• [AVAILABLE DATA]
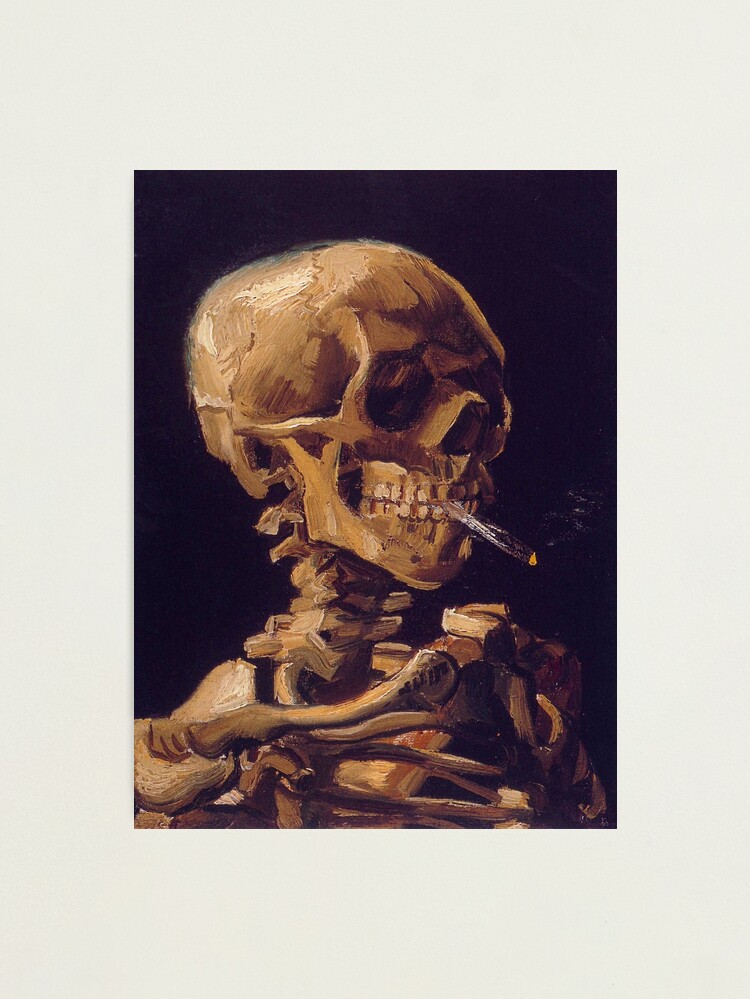 Alternate view of Vincent Van Gogh's 'Skull with a Burning Cigarette' Photographic Print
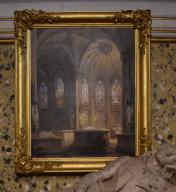 tableau : Vue n°1 de l'intérieur de la chapelle de Dreux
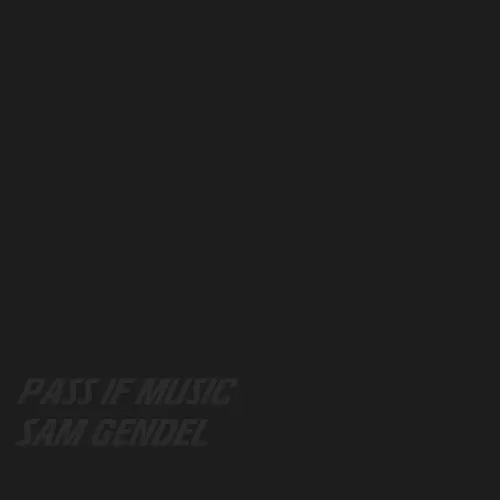 洋楽 Sam Gendel Pass If Music LP Pass If Music(LP)/SAM GENDEL /サム・ゲンデル/2018年に数量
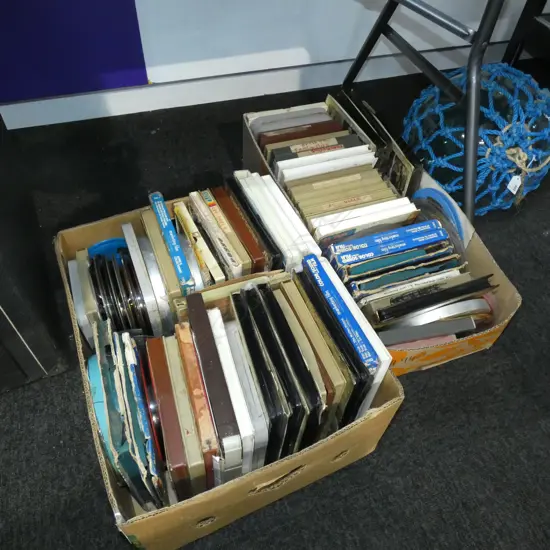 8mm FILM COLLECTION; 2 BOXES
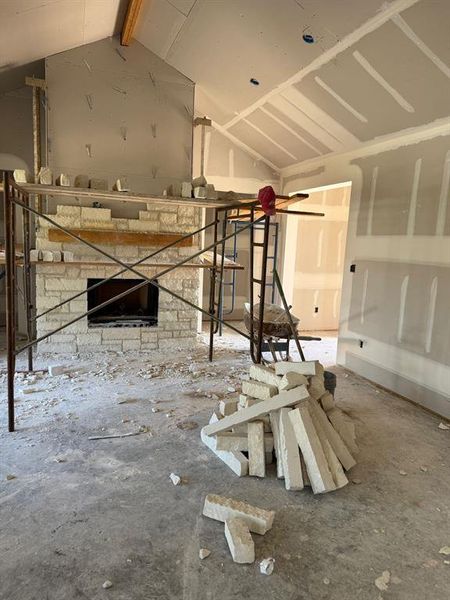 In-progress construction of a new home in , Rio Vista, TX (Image 13). In-progress construction of a new home in , Rio Vista, TX (Image 13).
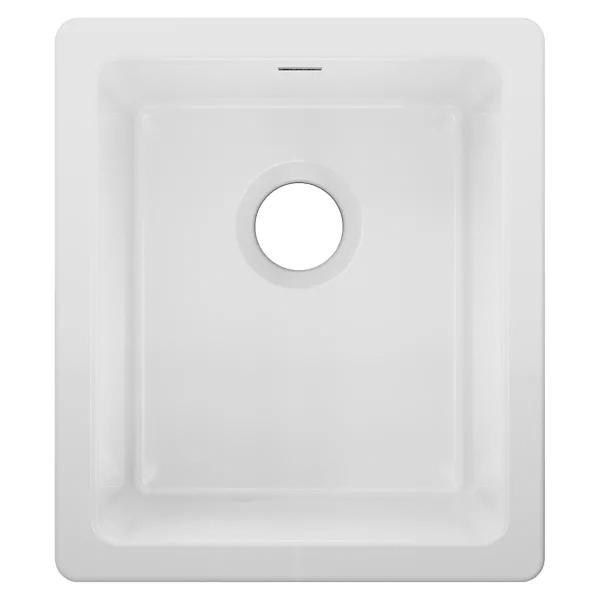 Elkay® Fireclay SWU1517WH Bar Sink, Fireclay, White, Import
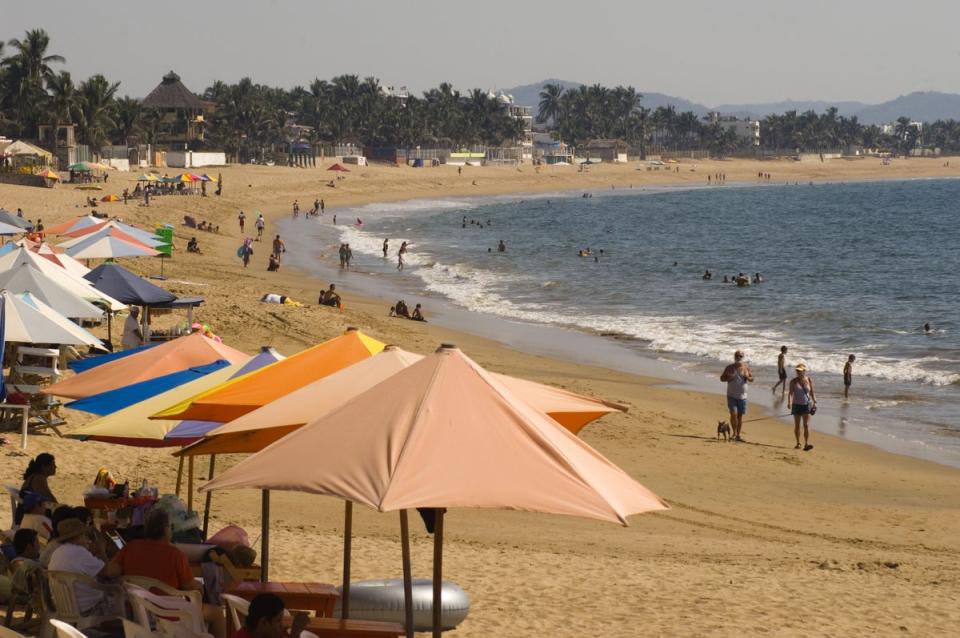 The attack happened on Melaque Beach in Mexico (Alamy Stock Photo)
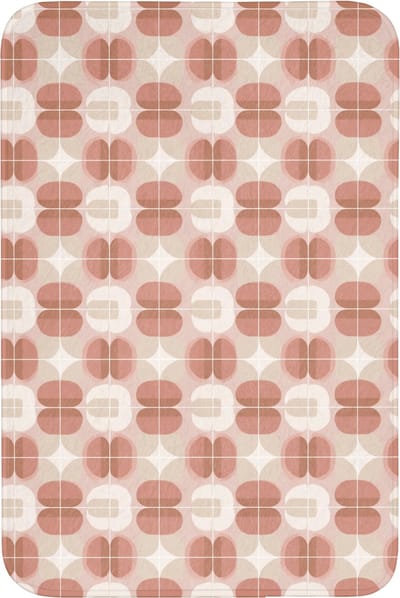 Badmat 60x90 cm - Antislip - Retro - Klassiek - Roze - Badmatten voor badkamer - Badkamermat - Douchemat - Badkamer mat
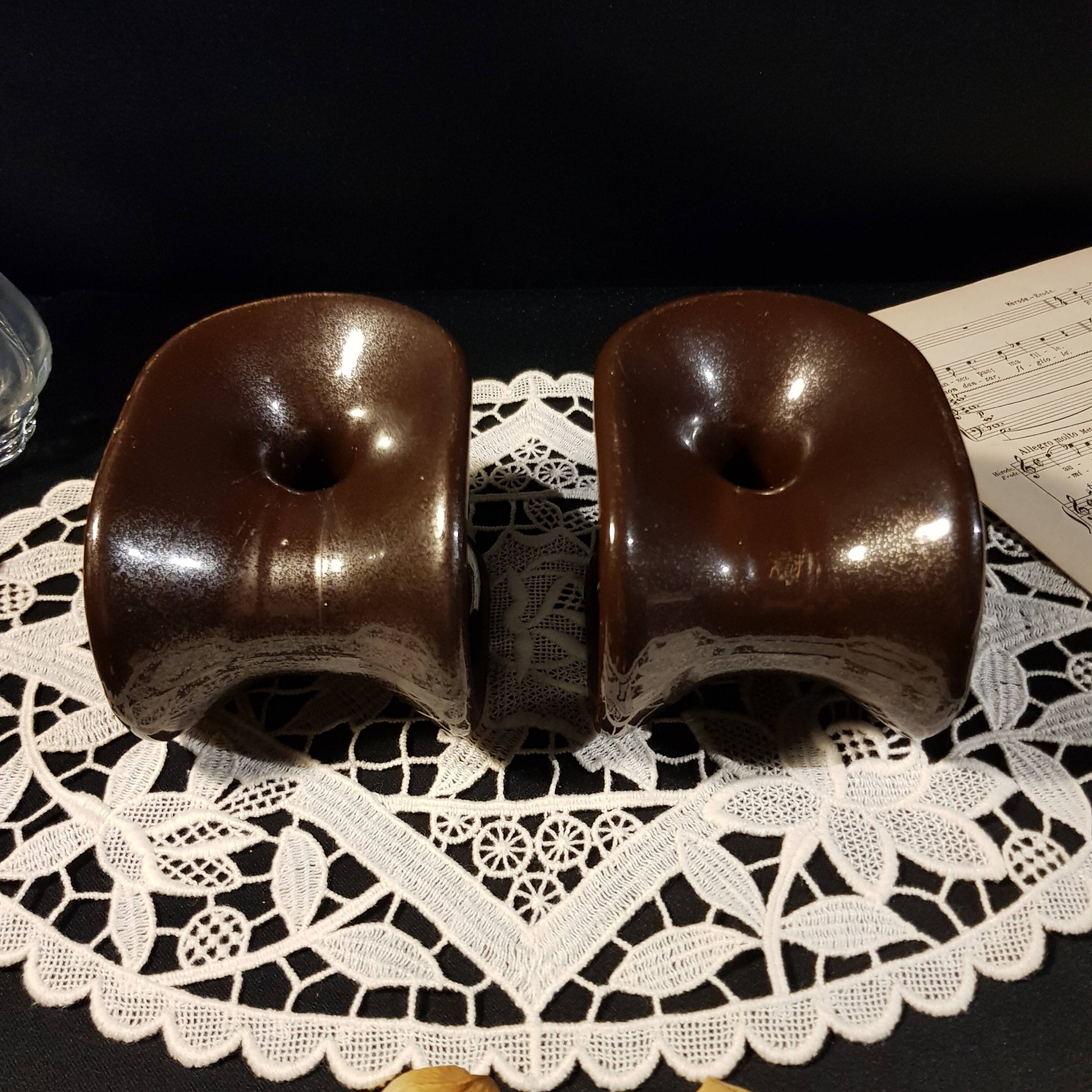 Duo of diverted candlesticks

• [AIM OF THE EXERCISE] Transcribe each entry exactly; images stay out.

• [RESPONSE]
 Alternate view of Vincent Van Gogh's 'Skull with a Burning Cigarette' Photographic Print
 tableau : Vue n°1 de l'intérieur de la chapelle de Dreux
 洋楽 Sam Gendel Pass If Music LP Pass If Music(LP)/SAM GENDEL /サム・ゲンデル/2018年に数量
 8mm FILM COLLECTION; 2 BOXES
 In-progress construction of a new home in , Rio Vista, TX (Image 13). In-progress construction of a new home in , Rio Vista, TX (Image 13).
 Elkay® Fireclay SWU1517WH Bar Sink, Fireclay, White, Import
 The attack happened on Melaque Beach in Mexico (Alamy Stock Photo)
 Badmat 60x90 cm - Antislip - Retro - Klassiek - Roze - Badmatten voor badkamer - Badkamermat - Douchemat - Badkamer mat
 Duo of diverted candlesticks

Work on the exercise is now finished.